You've been with your DH for 10 years, stepson is 11. So he wouldn't be able to remember a time when his dad and his mum were together. I presume his mum was the resident parent, which inevitably means that his primary relationship is with his mum.
"My husband and his ex went through a really nasty court case which started due to very serious allegations being made about his stepfather (think voyeurism). Social were involved and as soon as step son spoke to the social worker, he changed his story to say all kinds of nasty things about his dad which were untrue."
So, here's a scenario that is all too possible. Your stepson's mother did not want her husband to be found guilty, and decided to deflect attention on to her ex instead. She worked upon her son (who would have trusted his mother completely) and convinces her son that 'the bad man' was his dad and not his stepdad, that he's made the switch in his head to protect his dad, that she understands why he did that, but - sweetheart, you have to tell the truth!

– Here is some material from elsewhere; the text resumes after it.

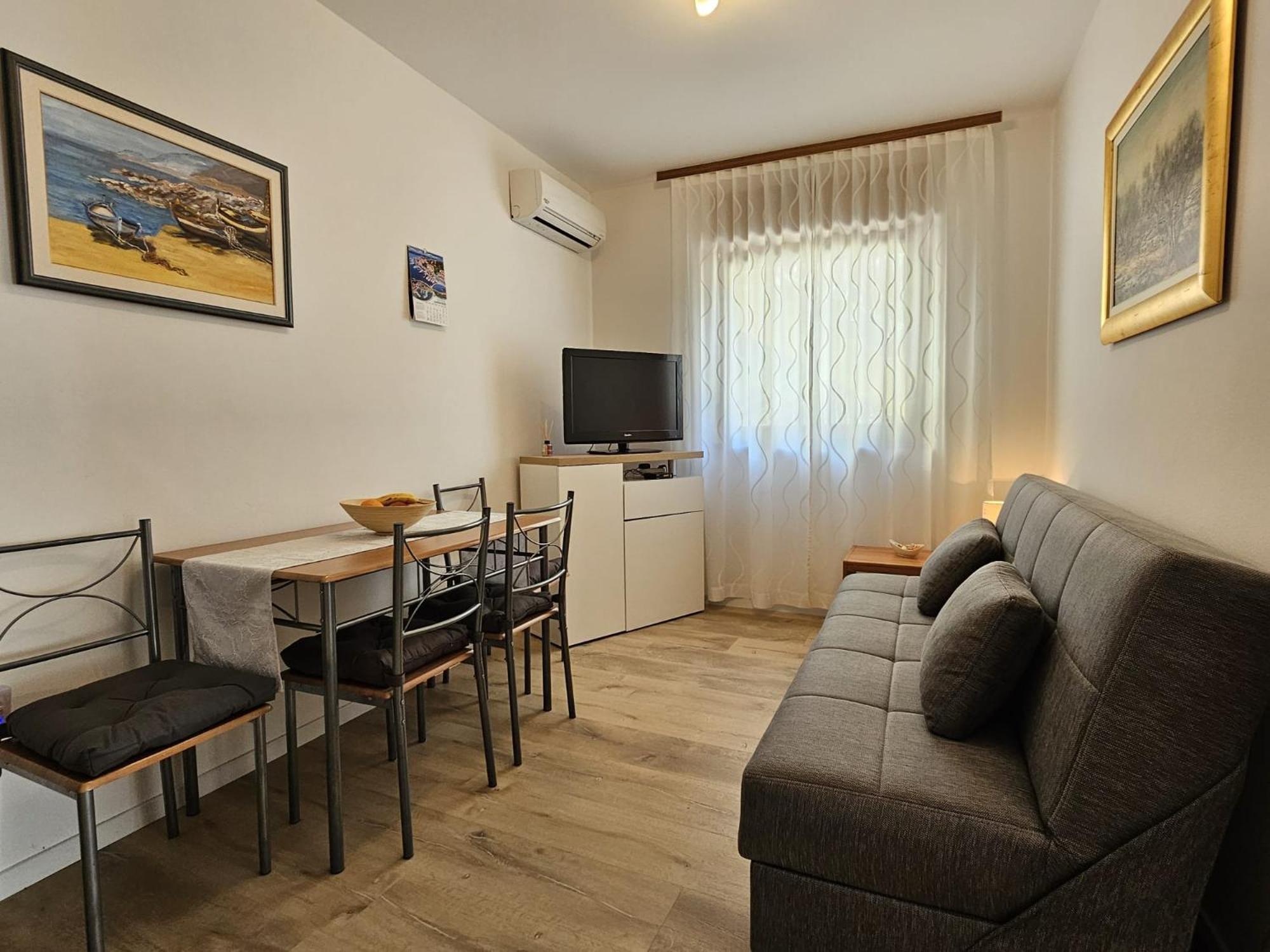 Apartments Andrea Malinska Exterior photo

How will daddy get the help he needs if we pretend he doesn't need help?
This wasn't just a conversation, this would have been his whole environment, with every interaction reinforcing that it was daddy not stepdaddy who is a bad man. Right down to the implication that mummy wouldn't love him any more if he lied that it was stepdaddy who was the bad man.
It would be a very unusual 8/9 year old who would not crumble in the face of such gaslighting / coercion / desolation.
I think your best chance to get past this, to deal with the resentment you feel for this young child, is to consider that this young child was a victim of adults. He was a victim of his mother, who gaslit him into believing what she tutored him to accuse. He was a victim of the psychologist, who took everything at face value and is incompetent. He is a victim of every other adult involved who did not consider anything other than the fabrications.
Put your resentment where it deserves to be - with the adults, not the child.
"I couldn't ever imagine my own kids telling such awful lies about their father."
You're assuming he told awful lies knowing they were awful lies. You're ascribing malevolence to this child. If he believed it to be true, do you still see malevolence in his actions?